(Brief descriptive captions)

== Segment start ==

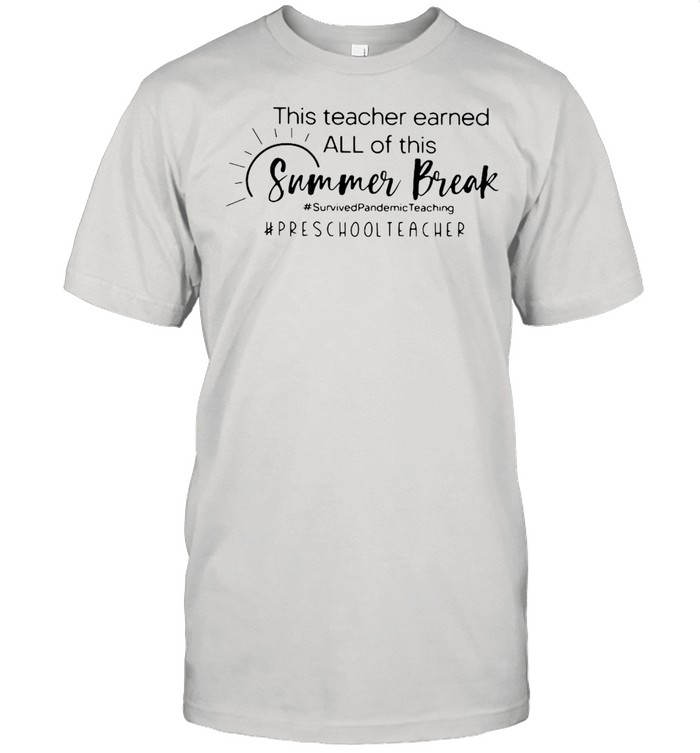 This Teacher Earned All Of This Summer Break Preschool Teacher Life T-shirt Classic Men's T-shirt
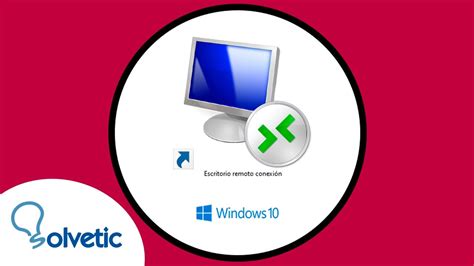 Crear Acceso Directo Escritorio Remoto Windows Conexion Youtube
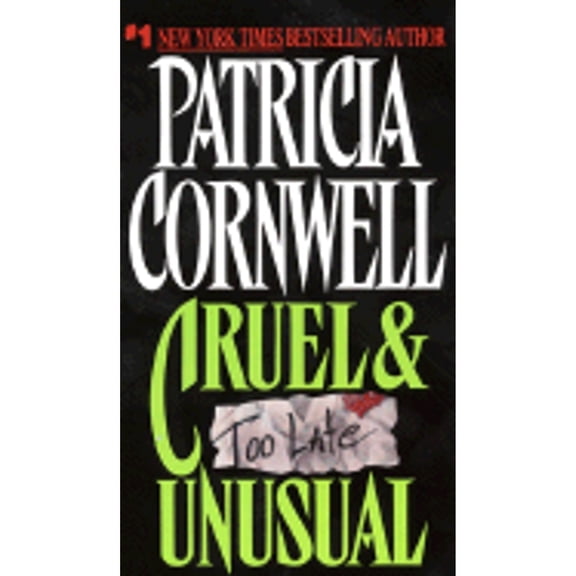 Pre-Owned Cruel & Unusual (Paperback) by Patricia Cornwell, Kicklighter, Ronnie Joe Waddell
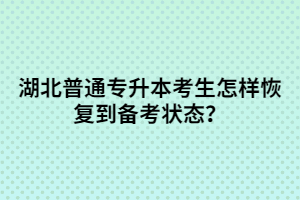 湖北普通專升本考生怎樣恢復(fù)到備考狀態(tài)？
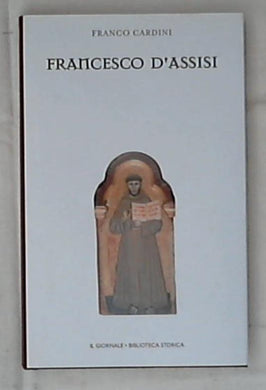 Francesco d'Assisi / Franco Cardini
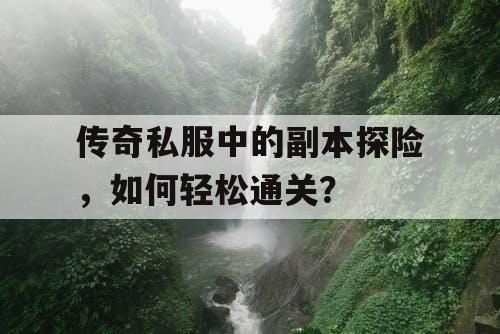 传奇私服中的副本探险，如何轻松通关？
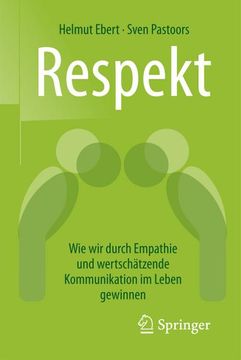 portada Respekt: Wie wir Durch Empathie und Wertschätzende Kommunikation im Leben Gewinnen (en Alemán)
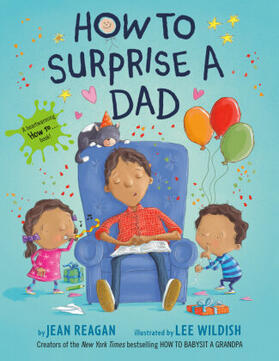 Reagan / Wildish |  How to Surprise a Dad | Buch |  Sack Fachmedien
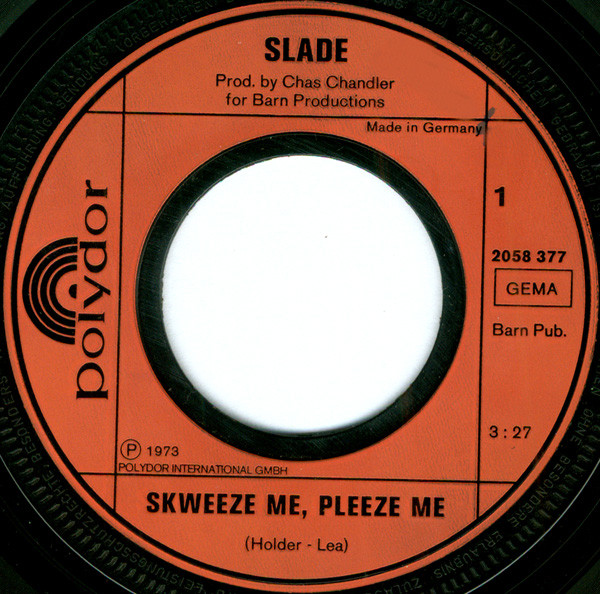 Slade - Skweeze Me, Pleeze Me (7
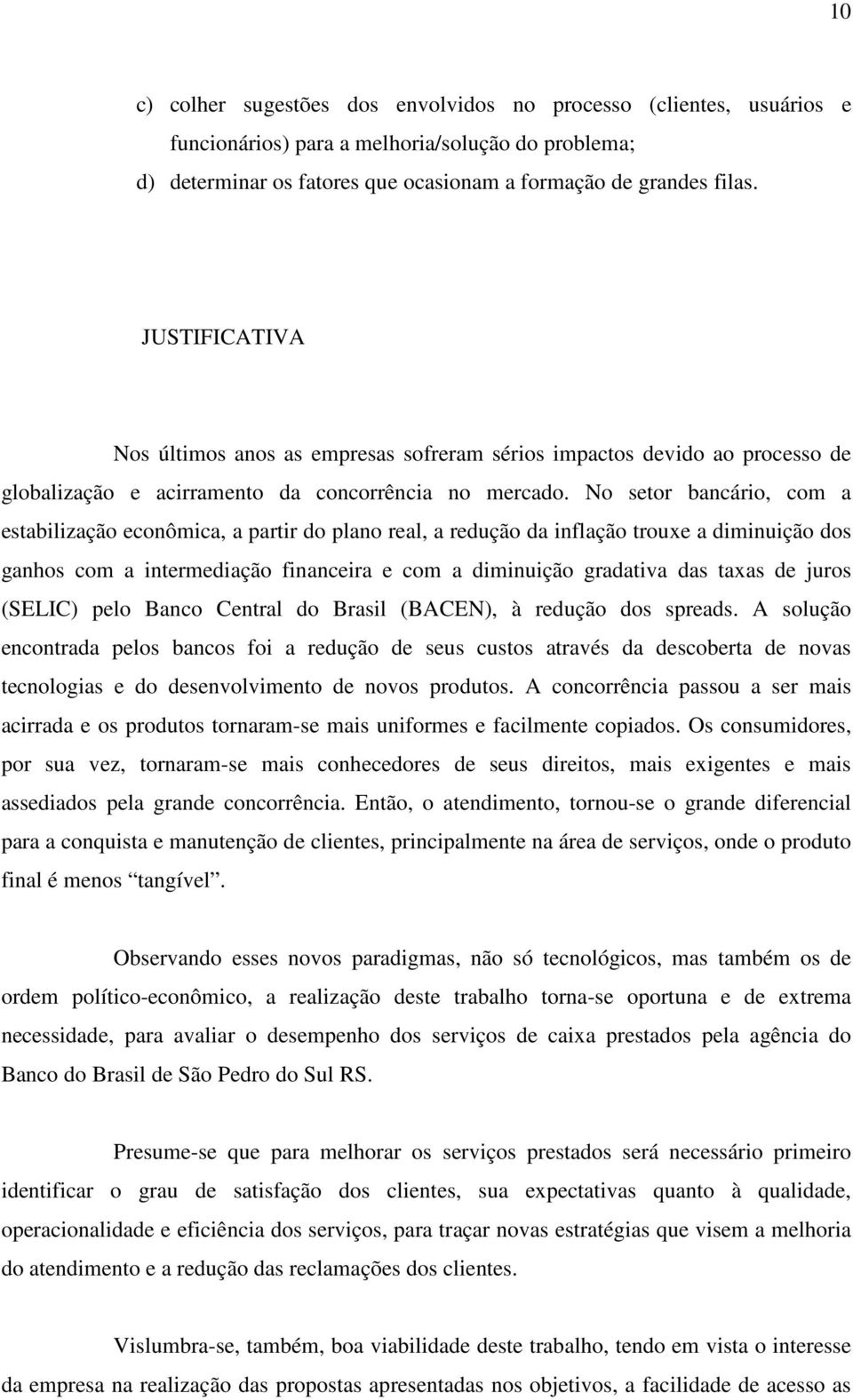 No setor bancário, com a estabilização econômica, a partir do plano real, a redução da inflação trouxe a diminuição dos ganhos com a intermediação financeira e com a diminuição gradativa das taxas de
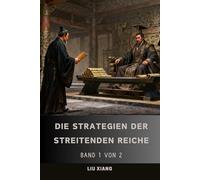 Strategies of the Warring States: Band 1 von 2 (Die Strategien der Streitenden Reiche)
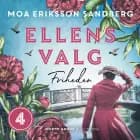Ellens valg - Friheden af Moa Eriksson Sandberg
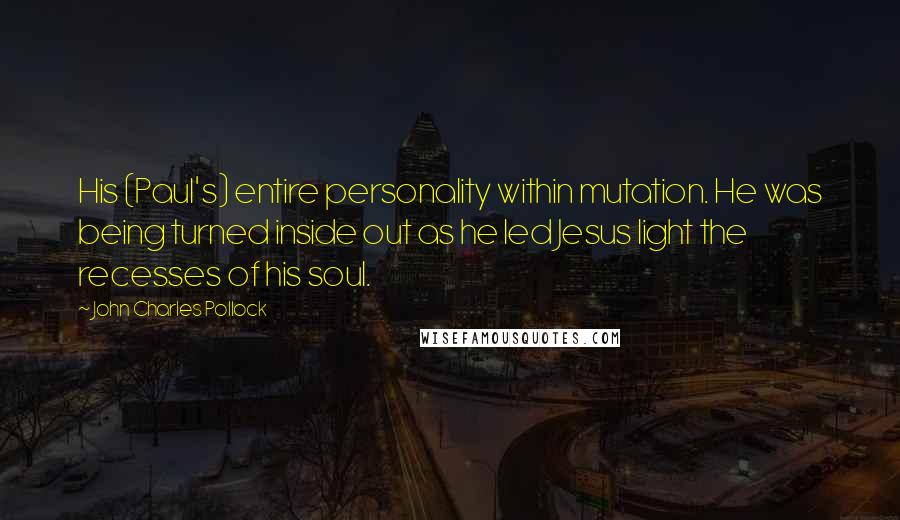 John Charles Pollock Quotes: His (Paul's) entire personality within mutation. He was being turned inside out as he led Jesus light the recesses of his soul.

== Segment end ==

▶ _Exercise instructions_: Without including any picture, repeat the data exactly.

▶ _Your solution_:
 This Teacher Earned All Of This Summer Break Preschool Teacher Life T-shirt Classic Men's T-shirt
 Crear Acceso Directo Escritorio Remoto Windows Conexion Youtube
 Pre-Owned Cruel & Unusual (Paperback) by Patricia Cornwell, Kicklighter, Ronnie Joe Waddell
 湖北普通專升本考生怎樣恢復(fù)到備考狀態(tài)？
 Francesco d'Assisi / Franco Cardini
 传奇私服中的副本探险，如何轻松通关？
 portada Respekt: Wie wir Durch Empathie und Wertschätzende Kommunikation im Leben Gewinnen (en Alemán)
 Reagan / Wildish |  How to Surprise a Dad | Buch |  Sack Fachmedien
 Slade - Skweeze Me, Pleeze Me (7
 No setor bancário, com a estabilização econômica, a partir do plano real, a redução da inflação trouxe a diminuição dos ganhos com a intermediação financeira e com a diminuição gradativa das taxas de
 Strategies of the Warring States: Band 1 von 2 (Die Strategien der Streitenden Reiche)
Ellens valg - Friheden af Moa Eriksson Sandberg
 John Charles Pollock Quotes: His (Paul's) entire personality within mutation. He was being turned inside out as he led Jesus light the recesses of his soul.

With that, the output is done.